With no images included, output each entry below exactly as it appears.

[Crawled caption data]
= = = = =
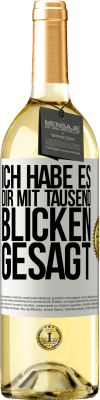 29,95 € Kostenloser Versand | Weißwein WHITE Ausgabe Ich habe es dir mit tausend Blicken gesagt Weißes Etikett. Anpassbares Etikett Junger Wein Ernte 2024 Verdejo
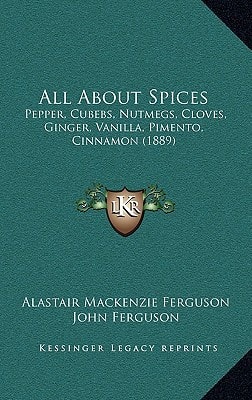 All About Spices: Pepper, Cubebs, Nutmegs, Cloves, Ginger, Vanilla, Pimento, Cinnamon (1889)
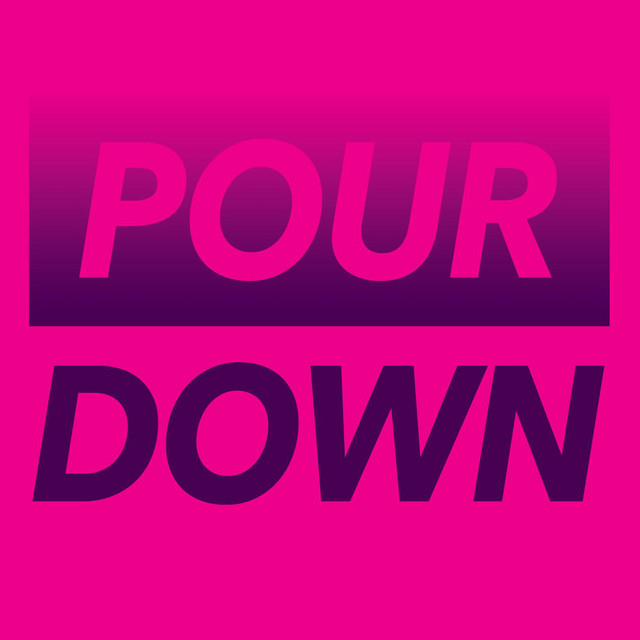 Pour Down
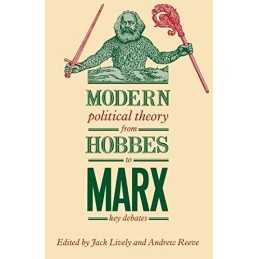 Modern Political Theory from Hobbes to Marx: Key Debates Paperback Book The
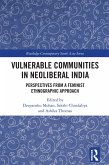 Vulnerable Communities in Neoliberal India (eBook, ePUB)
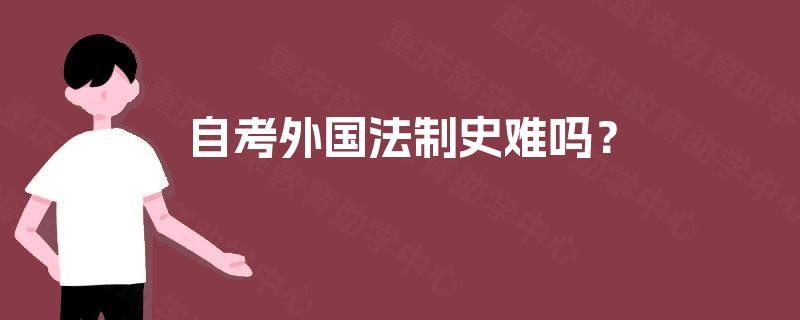 自考外国法制史难吗？
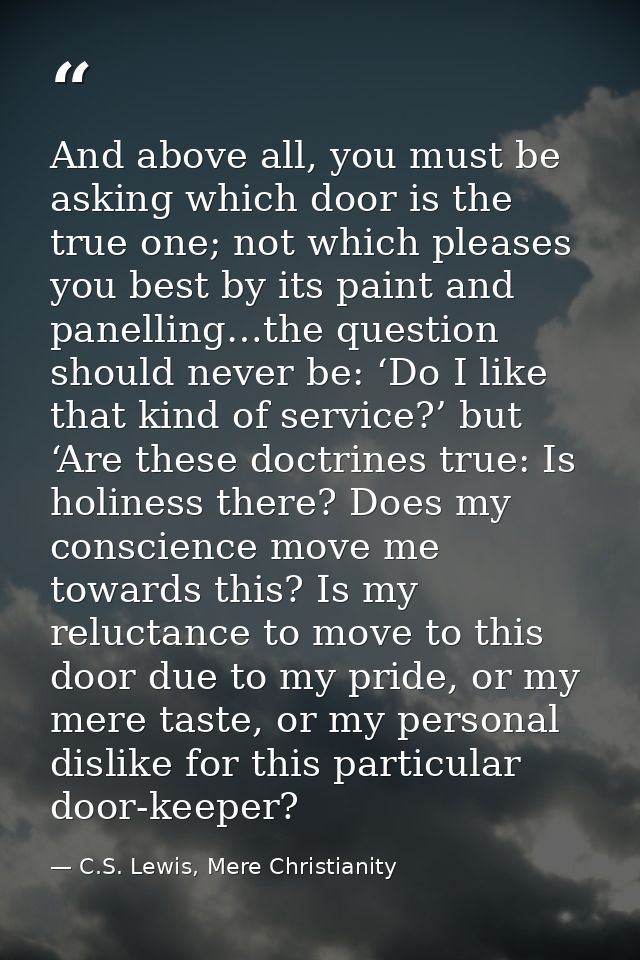 And above all, you must be asking which door is the true one; not which pleases you best by its paint and panelling…the  — C.S. Lewis, Mere Christianity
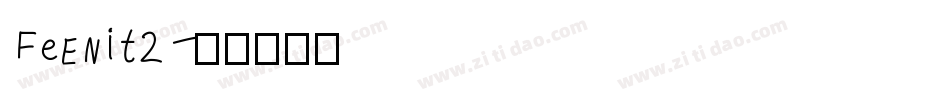 FeENit2字体转换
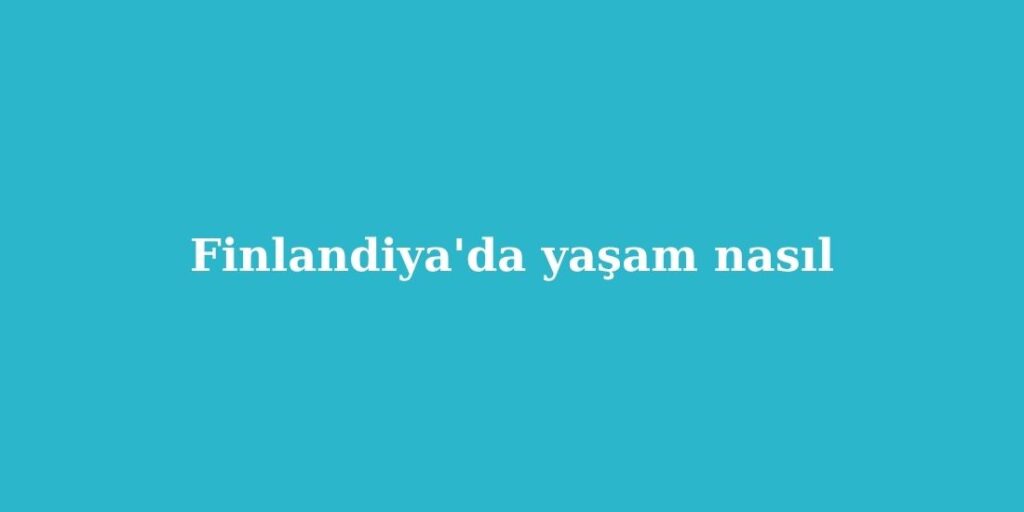 Finlandiya'da Yaşam Nasıl 7 Finlandiyada Yasam Nasil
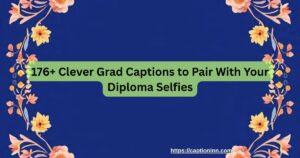 176+ Clever Grad Captions to Pair With Your Diploma Selfies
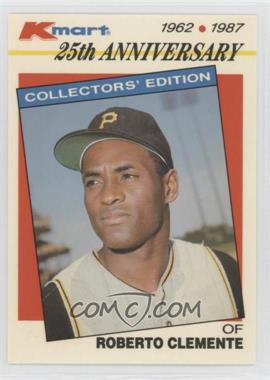 1987 Topps Kmart 25th Anniversary - [Base] #2 - Roberto Clemente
= = = = =
Exercise result:
 29,95 € Kostenloser Versand | Weißwein WHITE Ausgabe Ich habe es dir mit tausend Blicken gesagt Weißes Etikett. Anpassbares Etikett Junger Wein Ernte 2024 Verdejo
 All About Spices: Pepper, Cubebs, Nutmegs, Cloves, Ginger, Vanilla, Pimento, Cinnamon (1889)
 Pour Down
 Modern Political Theory from Hobbes to Marx: Key Debates Paperback Book The
 Vulnerable Communities in Neoliberal India (eBook, ePUB)
 自考外国法制史难吗？
 And above all, you must be asking which door is the true one; not which pleases you best by its paint and panelling…the  — C.S. Lewis, Mere Christianity
 FeENit2字体转换
 Finlandiya'da Yaşam Nasıl 7 Finlandiyada Yasam Nasil
 176+ Clever Grad Captions to Pair With Your Diploma Selfies
 1987 Topps Kmart 25th Anniversary - [Base] #2 - Roberto Clemente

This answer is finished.